** DATA RECORDS follows **
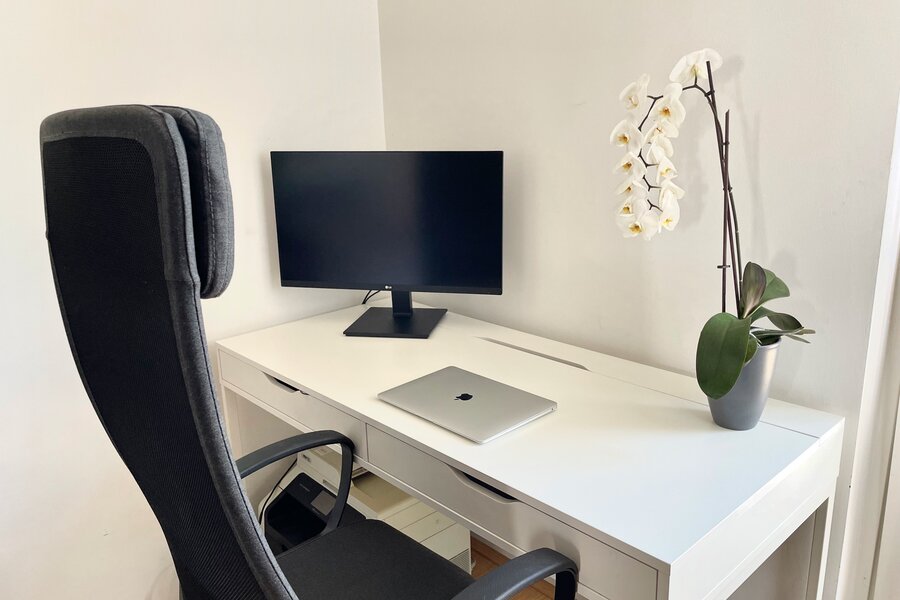 Schlafzimmer mit Arbeitstisch, Bildschirm und Drucker (7. Stock)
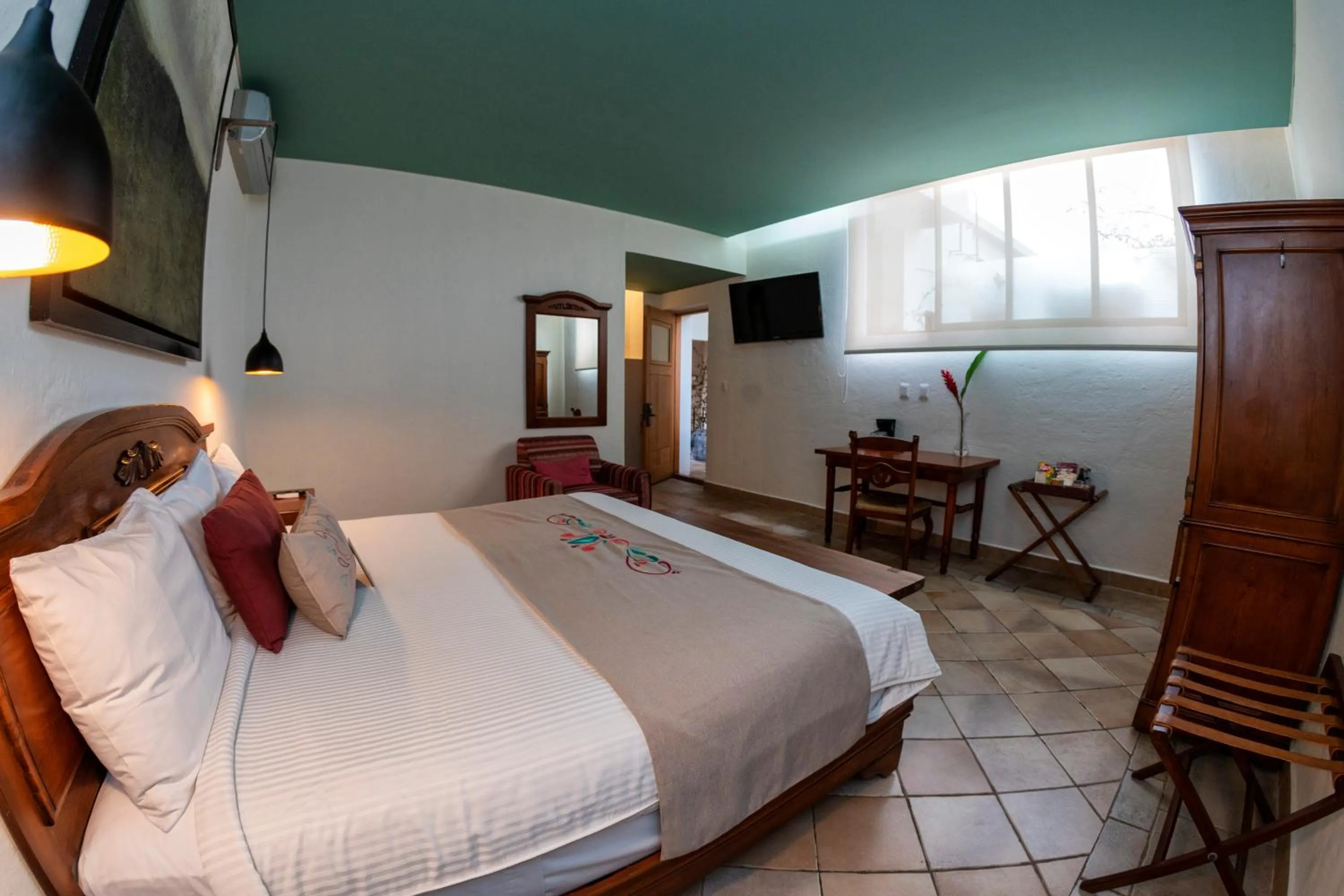 Photo of the whole room, Bed in Casa De Sierra Azul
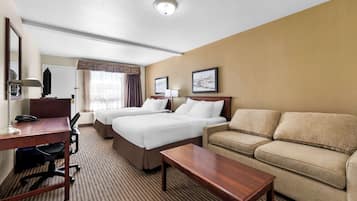 Quarto standard, 2 camas Queen, para não fumantes, geladeira e micro-ondas (with Sofabed) | Escrivaninha, espaço de trabalho para notebook, cortinas blackout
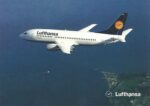 1989 Lufthansa Boeing 737-300 Postcard (2)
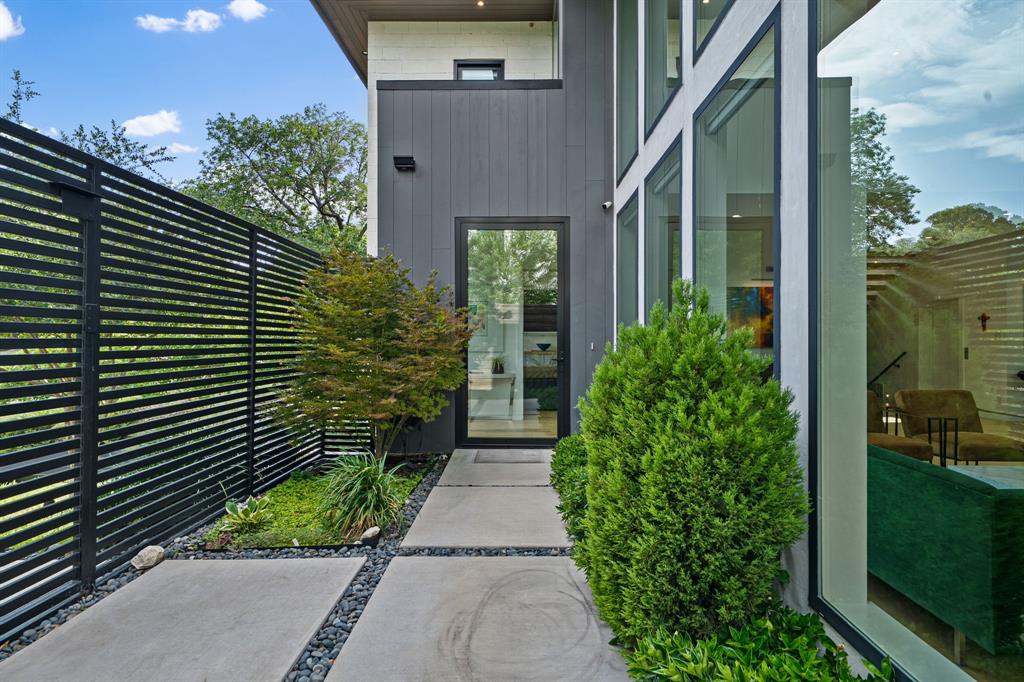 423 W Colorado Boulevard Property Photo 3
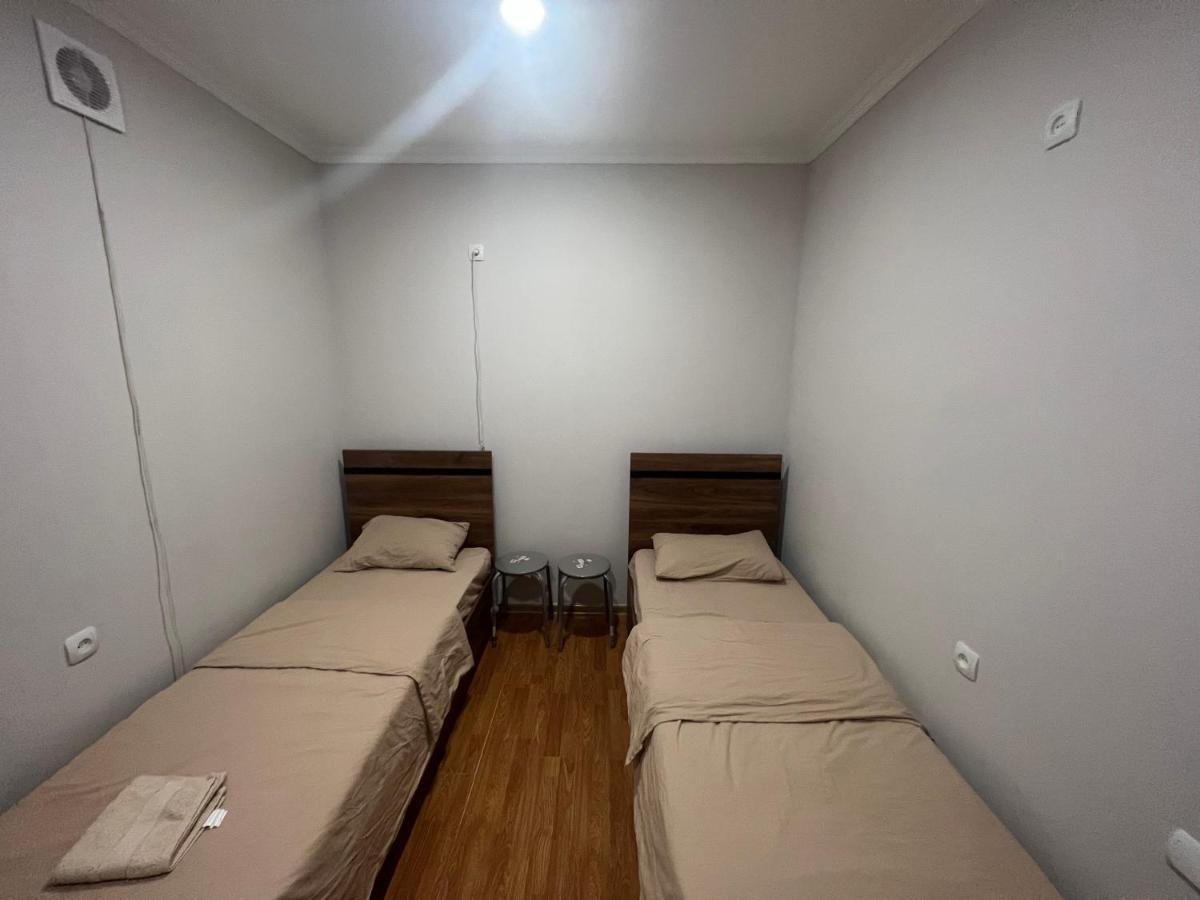 فندق يريفانفي  N1 Guest Hause المظهر الخارجي الصورة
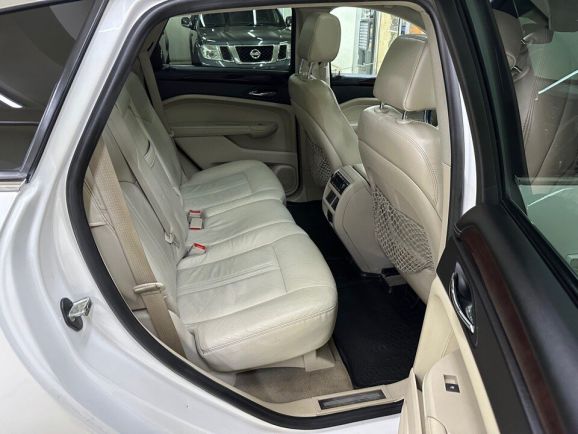 Cadillac SRX, 3.0 л, АТ, 2011 фото 19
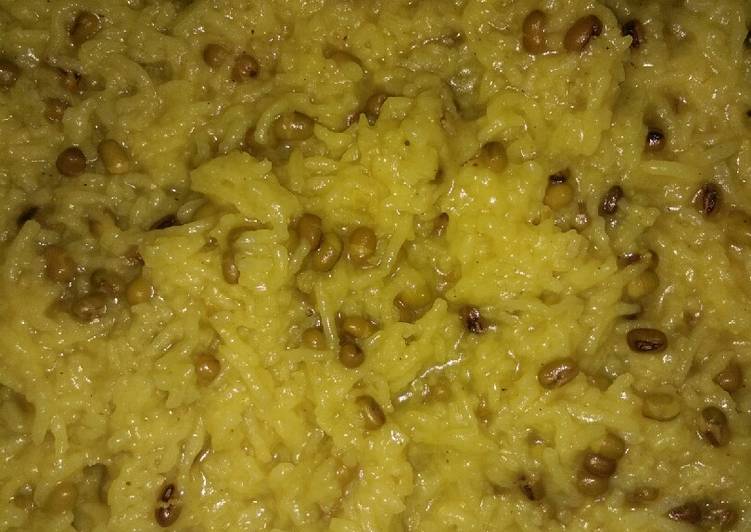 How to Make Favorite Moong dal khichdi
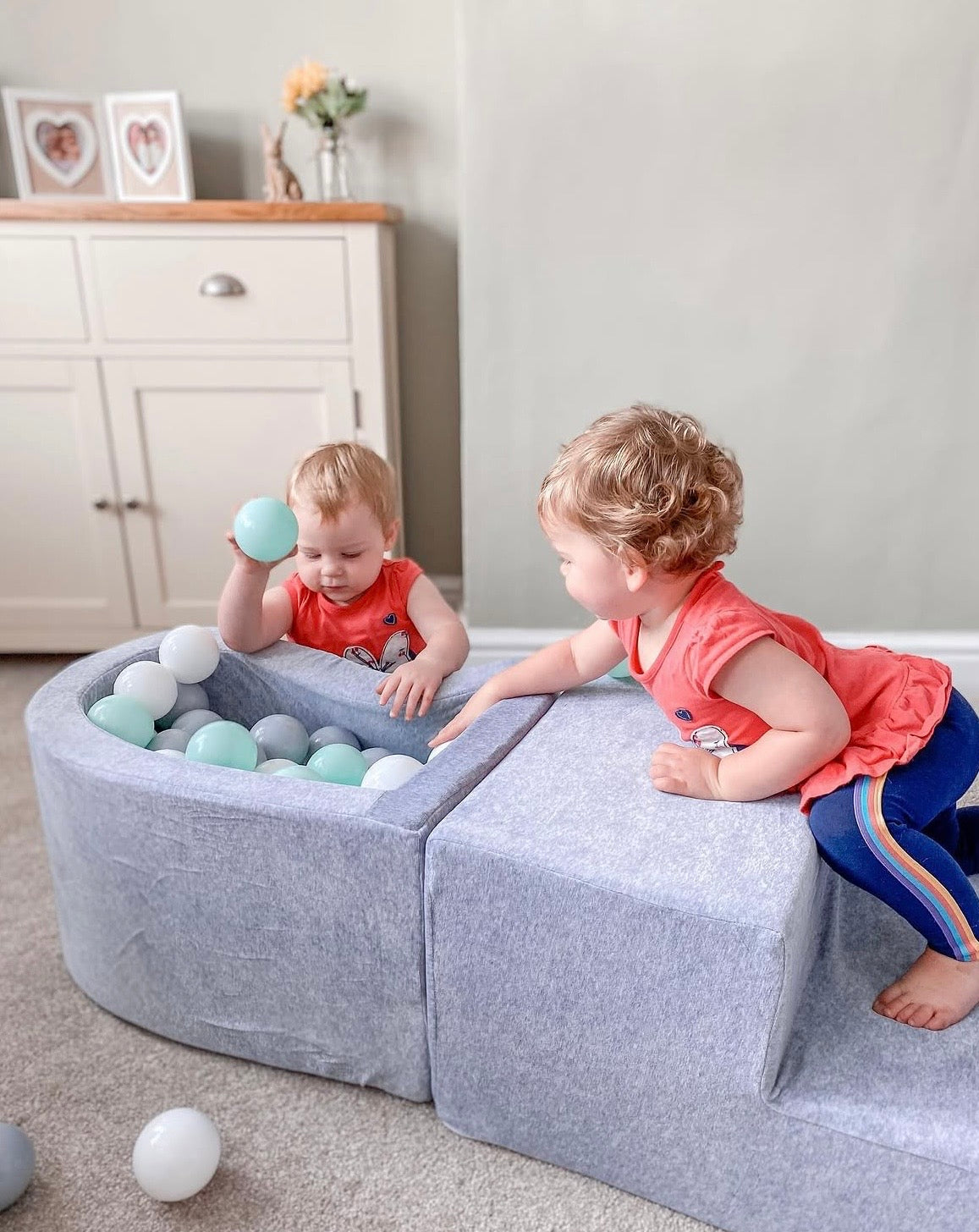 Parcours de motricité avec petite piscine à balles, en velours - Beige | Balles au choix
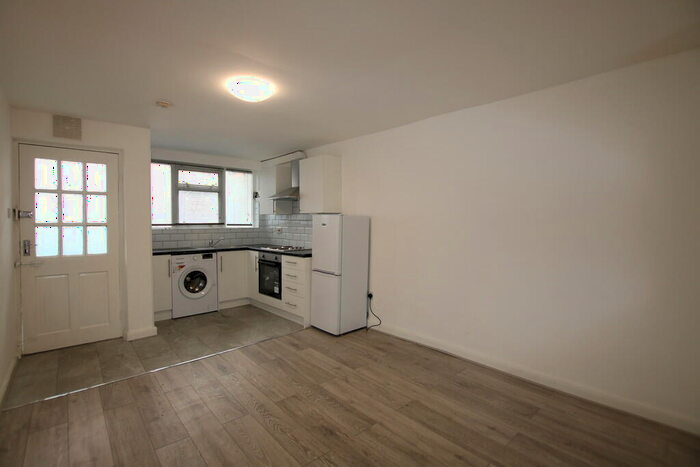 Flat To Rent In Oldfield Road, Willesden, NW10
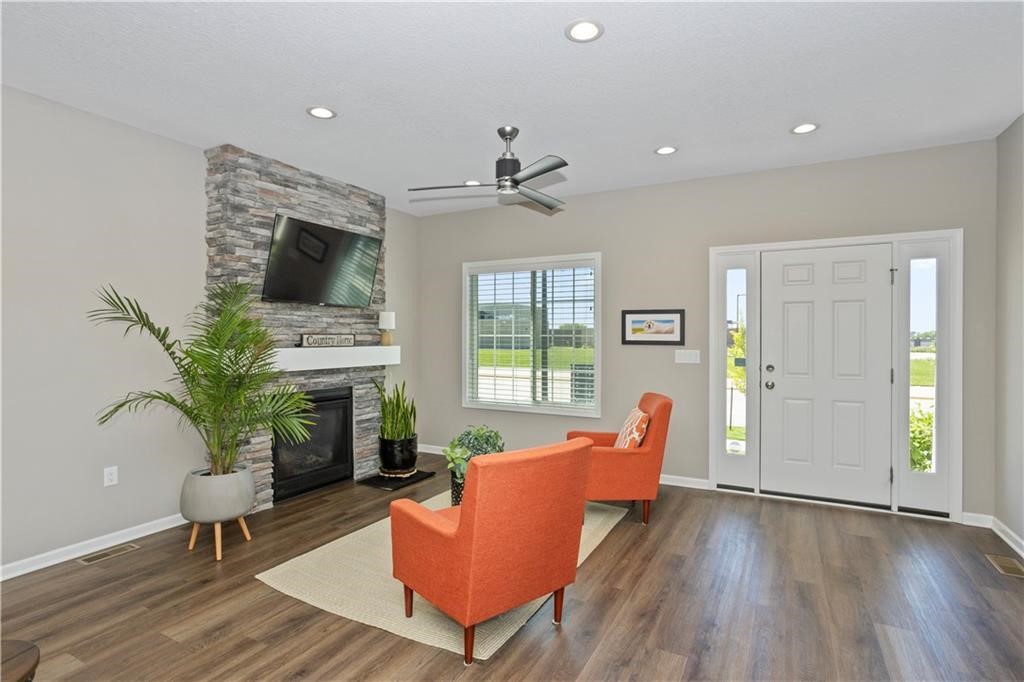 402 SW Prairie Trail Parkway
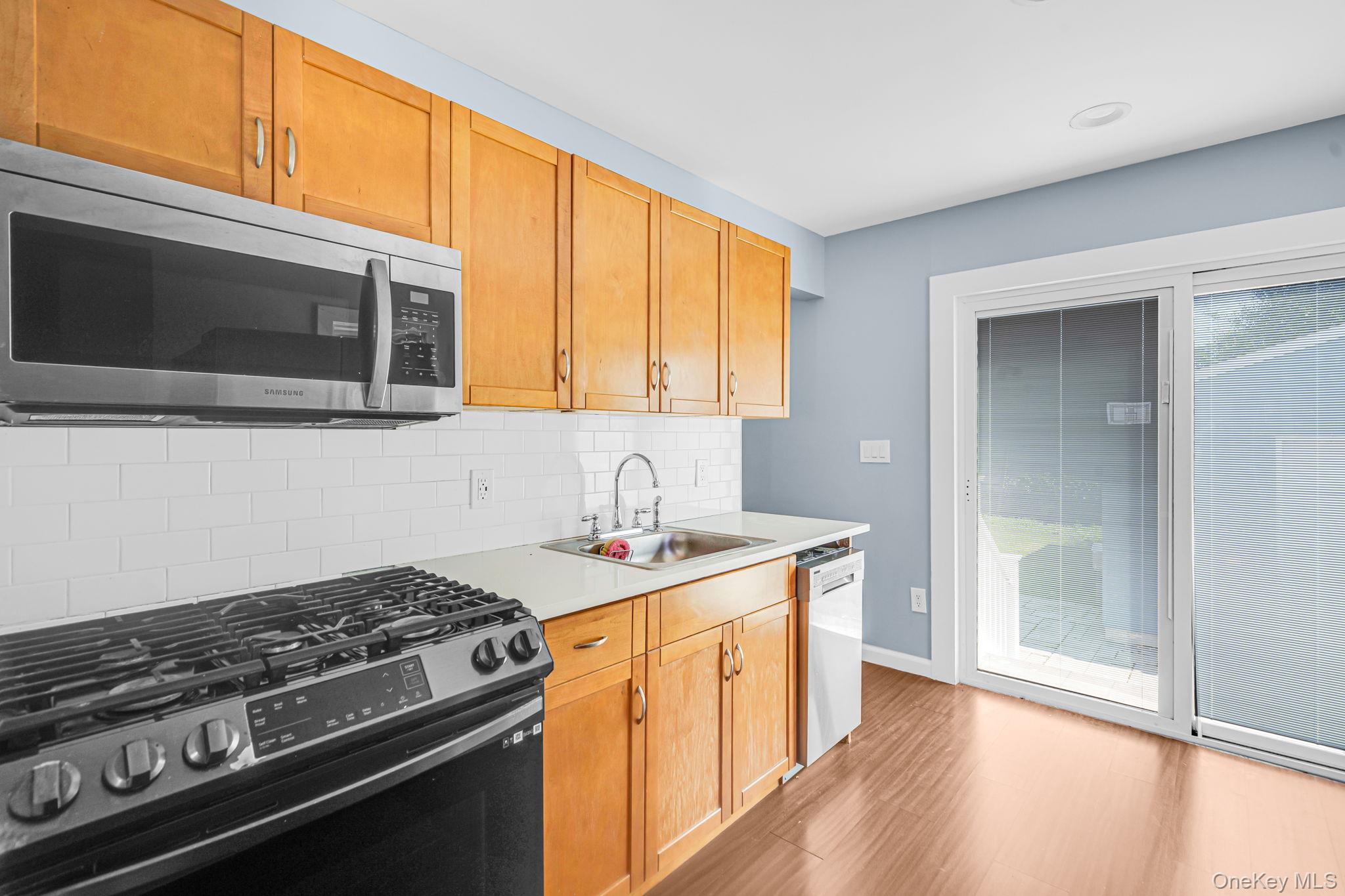646 S 7th Street Property Photo 12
** End of DATA RECORDS **
## WORK INSTRUCTIONS:
Lines before the one containing "المظهر الخارجي الصورة" are not wanted; write out that line and every later line through the end of the data above, exactly, without pictures.

## REPLY:
 فندق يريفانفي  N1 Guest Hause المظهر الخارجي الصورة
 Cadillac SRX, 3.0 л, АТ, 2011 фото 19
 How to Make Favorite Moong dal khichdi
 Parcours de motricité avec petite piscine à balles, en velours - Beige | Balles au choix
 Flat To Rent In Oldfield Road, Willesden, NW10
 402 SW Prairie Trail Parkway
646 S 7th Street Property Photo 12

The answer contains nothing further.